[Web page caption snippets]
◇ ◇ ◇ ◇ ◇ ◇ ◇

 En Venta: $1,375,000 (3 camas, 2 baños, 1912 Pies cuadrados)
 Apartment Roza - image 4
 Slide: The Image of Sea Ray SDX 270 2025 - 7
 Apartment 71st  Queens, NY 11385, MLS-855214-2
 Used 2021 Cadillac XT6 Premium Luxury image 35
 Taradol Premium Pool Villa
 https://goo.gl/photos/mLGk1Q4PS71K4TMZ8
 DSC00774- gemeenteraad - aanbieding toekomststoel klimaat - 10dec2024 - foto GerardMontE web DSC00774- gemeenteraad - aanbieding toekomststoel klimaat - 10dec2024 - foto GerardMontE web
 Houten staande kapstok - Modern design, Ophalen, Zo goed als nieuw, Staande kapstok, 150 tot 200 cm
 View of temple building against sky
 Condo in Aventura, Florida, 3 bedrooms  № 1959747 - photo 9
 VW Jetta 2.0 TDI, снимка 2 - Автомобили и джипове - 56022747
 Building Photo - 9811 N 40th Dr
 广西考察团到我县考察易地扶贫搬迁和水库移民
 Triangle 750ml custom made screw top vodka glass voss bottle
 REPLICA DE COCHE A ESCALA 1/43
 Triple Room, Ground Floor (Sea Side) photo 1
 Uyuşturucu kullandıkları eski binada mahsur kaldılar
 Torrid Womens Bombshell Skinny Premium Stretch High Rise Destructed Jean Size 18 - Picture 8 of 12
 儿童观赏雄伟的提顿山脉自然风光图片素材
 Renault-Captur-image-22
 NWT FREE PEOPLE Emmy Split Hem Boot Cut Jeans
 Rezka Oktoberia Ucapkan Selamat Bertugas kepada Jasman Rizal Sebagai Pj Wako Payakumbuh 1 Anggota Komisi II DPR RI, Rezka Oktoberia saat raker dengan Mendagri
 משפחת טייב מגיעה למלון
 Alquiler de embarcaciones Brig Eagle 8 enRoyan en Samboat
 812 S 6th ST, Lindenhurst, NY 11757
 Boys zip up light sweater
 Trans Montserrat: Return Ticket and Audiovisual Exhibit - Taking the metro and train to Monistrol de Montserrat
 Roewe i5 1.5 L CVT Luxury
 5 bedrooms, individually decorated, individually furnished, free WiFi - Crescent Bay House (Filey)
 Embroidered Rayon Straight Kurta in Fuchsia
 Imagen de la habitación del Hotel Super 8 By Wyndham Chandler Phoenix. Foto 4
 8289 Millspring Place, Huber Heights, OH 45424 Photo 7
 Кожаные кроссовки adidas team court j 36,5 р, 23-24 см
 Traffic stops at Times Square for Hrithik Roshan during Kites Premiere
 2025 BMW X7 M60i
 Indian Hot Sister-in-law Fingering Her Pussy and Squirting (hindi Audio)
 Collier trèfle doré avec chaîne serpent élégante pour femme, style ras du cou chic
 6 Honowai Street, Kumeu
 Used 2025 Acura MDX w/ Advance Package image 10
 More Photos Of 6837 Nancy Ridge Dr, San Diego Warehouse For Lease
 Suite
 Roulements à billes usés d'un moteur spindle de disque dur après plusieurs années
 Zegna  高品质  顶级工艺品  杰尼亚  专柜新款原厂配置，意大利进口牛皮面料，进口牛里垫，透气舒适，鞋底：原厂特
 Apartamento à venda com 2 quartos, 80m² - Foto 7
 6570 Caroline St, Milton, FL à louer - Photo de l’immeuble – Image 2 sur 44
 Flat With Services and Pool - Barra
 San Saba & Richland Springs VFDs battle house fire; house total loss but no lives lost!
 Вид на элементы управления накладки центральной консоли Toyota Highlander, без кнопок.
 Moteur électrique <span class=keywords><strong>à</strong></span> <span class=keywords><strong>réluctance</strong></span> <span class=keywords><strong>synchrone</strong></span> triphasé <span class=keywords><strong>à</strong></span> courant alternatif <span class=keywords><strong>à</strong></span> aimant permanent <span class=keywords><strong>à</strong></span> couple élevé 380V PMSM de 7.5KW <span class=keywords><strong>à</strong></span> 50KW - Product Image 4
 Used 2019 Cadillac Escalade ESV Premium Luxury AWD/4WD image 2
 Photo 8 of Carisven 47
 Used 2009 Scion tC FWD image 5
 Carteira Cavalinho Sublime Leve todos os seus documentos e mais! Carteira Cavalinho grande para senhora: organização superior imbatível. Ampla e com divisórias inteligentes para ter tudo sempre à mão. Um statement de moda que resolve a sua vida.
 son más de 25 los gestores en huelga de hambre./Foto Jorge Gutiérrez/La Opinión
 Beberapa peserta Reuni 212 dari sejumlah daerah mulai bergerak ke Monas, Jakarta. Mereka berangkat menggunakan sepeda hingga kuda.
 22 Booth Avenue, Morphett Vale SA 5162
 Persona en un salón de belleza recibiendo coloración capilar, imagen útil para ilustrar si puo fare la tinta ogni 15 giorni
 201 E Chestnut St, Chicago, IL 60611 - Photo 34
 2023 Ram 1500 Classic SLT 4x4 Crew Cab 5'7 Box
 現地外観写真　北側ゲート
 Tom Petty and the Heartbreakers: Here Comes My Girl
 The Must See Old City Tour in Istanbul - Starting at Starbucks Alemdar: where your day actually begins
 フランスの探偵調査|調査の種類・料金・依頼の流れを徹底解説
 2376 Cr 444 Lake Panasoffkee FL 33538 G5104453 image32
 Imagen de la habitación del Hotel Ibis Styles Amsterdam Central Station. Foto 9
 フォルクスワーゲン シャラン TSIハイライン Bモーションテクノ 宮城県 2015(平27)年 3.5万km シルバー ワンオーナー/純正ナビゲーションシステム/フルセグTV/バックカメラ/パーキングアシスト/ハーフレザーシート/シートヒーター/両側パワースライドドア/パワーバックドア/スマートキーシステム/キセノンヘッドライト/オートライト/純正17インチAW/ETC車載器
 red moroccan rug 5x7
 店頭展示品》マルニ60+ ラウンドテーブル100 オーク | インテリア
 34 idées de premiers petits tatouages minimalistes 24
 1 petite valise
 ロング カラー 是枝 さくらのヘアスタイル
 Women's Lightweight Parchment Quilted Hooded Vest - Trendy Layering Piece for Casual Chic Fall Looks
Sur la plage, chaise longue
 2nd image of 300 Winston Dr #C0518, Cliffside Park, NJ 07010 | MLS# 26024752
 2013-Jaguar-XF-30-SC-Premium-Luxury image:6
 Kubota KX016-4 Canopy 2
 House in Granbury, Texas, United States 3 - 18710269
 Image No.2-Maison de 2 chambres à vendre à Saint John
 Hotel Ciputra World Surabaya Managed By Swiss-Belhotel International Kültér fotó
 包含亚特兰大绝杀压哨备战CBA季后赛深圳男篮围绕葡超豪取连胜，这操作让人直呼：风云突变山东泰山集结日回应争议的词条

◇ ◇ ◇ ◇ ◇ ◇ ◇

**WORK TO COMPLETE**
Using the entries above, output exactly the lines between the line holding "Collier trèfle doré" and the line holding "Apartamento à venda", end lines included, and nothing more.

**WORKED SOLUTION**
 Collier trèfle doré avec chaîne serpent élégante pour femme, style ras du cou chic
 6 Honowai Street, Kumeu
 Used 2025 Acura MDX w/ Advance Package image 10
 More Photos Of 6837 Nancy Ridge Dr, San Diego Warehouse For Lease
 Suite
 Roulements à billes usés d'un moteur spindle de disque dur après plusieurs années
 Zegna  高品质  顶级工艺品  杰尼亚  专柜新款原厂配置，意大利进口牛皮面料，进口牛里垫，透气舒适，鞋底：原厂特
 Apartamento à venda com 2 quartos, 80m² - Foto 7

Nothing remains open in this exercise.